Oui, même en vacances, au bord de la plage, toujours une pensée pour la généalogie. Nous sommes partis en Gironde cette année (sans aucune arrière-pensée généalogique à la base ;-)), et ce fut l'occasion au final de nous rendre dans la mairie de la ville de décès du grand-père de ma femme, afin de récupérer cet acte. Et également de passer devant sa dernière demeure...

Et vous ? Avez-vous profité des vos vacances pour avancer dans vos recherches ?

vendredi 28 juin 2013

#geneatheme Alliance et mariages croisés

Mes voyages récents en mairie, en plus de combler les vides manquants sur les AD91 en ligne, m'ont donné l'occasion de mettre la main sur certains actes intéressants. Notamment cet acte, dans la commune de Boigneville, en date du 14 novembre 1707.

Deux beaux mariages croisés, entre le frère et la soeur Dezerville (Charles André et Marguerite) et la soeur et le frère Poitou (Catherine et Charles). Deux familles désormais fortement alliées entre elles.

Le mariage Charles Dezerville / Catherine Poitou sera cependant plus fécond, l'autre branche s'éteignant a priori à la génération suivante.
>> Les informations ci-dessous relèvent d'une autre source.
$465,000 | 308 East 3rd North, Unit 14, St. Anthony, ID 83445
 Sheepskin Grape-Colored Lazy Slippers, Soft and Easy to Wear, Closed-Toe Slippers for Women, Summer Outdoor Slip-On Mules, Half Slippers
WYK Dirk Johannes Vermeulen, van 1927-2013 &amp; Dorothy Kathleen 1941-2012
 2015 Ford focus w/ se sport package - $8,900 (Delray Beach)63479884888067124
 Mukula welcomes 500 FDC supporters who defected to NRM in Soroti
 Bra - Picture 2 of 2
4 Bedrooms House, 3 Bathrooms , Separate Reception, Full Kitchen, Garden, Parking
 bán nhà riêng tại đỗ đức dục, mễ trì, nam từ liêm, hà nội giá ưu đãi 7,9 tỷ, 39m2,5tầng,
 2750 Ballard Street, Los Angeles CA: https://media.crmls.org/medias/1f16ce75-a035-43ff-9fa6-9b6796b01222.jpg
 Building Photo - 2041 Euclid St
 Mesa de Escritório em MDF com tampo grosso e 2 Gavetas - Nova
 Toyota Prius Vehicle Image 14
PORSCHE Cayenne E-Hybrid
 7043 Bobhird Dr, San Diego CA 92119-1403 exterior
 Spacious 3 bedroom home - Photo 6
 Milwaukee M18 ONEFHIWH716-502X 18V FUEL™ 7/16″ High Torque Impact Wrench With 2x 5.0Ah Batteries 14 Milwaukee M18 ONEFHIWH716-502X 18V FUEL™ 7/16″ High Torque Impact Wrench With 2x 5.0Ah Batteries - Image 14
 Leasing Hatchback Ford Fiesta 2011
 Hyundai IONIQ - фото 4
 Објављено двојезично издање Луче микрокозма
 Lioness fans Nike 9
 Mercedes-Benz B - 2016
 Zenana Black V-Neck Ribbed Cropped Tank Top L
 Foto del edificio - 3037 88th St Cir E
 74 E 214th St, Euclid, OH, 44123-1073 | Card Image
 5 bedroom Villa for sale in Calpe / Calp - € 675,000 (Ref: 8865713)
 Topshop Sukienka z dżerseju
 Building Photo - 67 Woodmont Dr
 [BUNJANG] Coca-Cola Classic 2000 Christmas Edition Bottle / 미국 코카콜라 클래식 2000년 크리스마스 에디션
Archives municipales de Boigneville

"Le quatorze novembre mil sept cent sept ont
esté mariés en face de notre mère la sainte eglise les
fiançailles estants faites le jour précédent et
après la publication des trois bans sans qu'il se
soit trouvé aucun empeschement Charles André
Dezerville fils de deffunct Paul Dezerville et
deffuncte Jacqueline Guiet ses pere et mere
et Catherine Poytou fille de Jean Poytou et de
deffuncte Catherine Tiercelin ses pere et mere
Et ont este maries a la meme messe les
ceremonies cy dessus estant faites Charles Poytou
fils de Jean Poytou et de deffuncte Catherine
Tiercelin ses pere et mere
et Marguerite Dezerville fille de deffunct Paul
Dezerville et de deffuncte Jacqueline Guyet ses pere
et mere en presence de Jean Poytou d'Estienne
Guiet François Lestau"

vendredi 21 juin 2013

Jusqu'à ce que la mort ne nous sépare pas

En continuant mes explorations de registres, je suis tombé sur cet acte, qui m'a beaucoup touché. J'avais déjà rencontré des époux/épouses inhumés peu de temps l'un après l'autre, mais inhumés en même temps, c'est la première fois. Sont-ils morts ensemble ? A un jour d'écart et inhumés ensemble ? On ne le saura certainement jamais...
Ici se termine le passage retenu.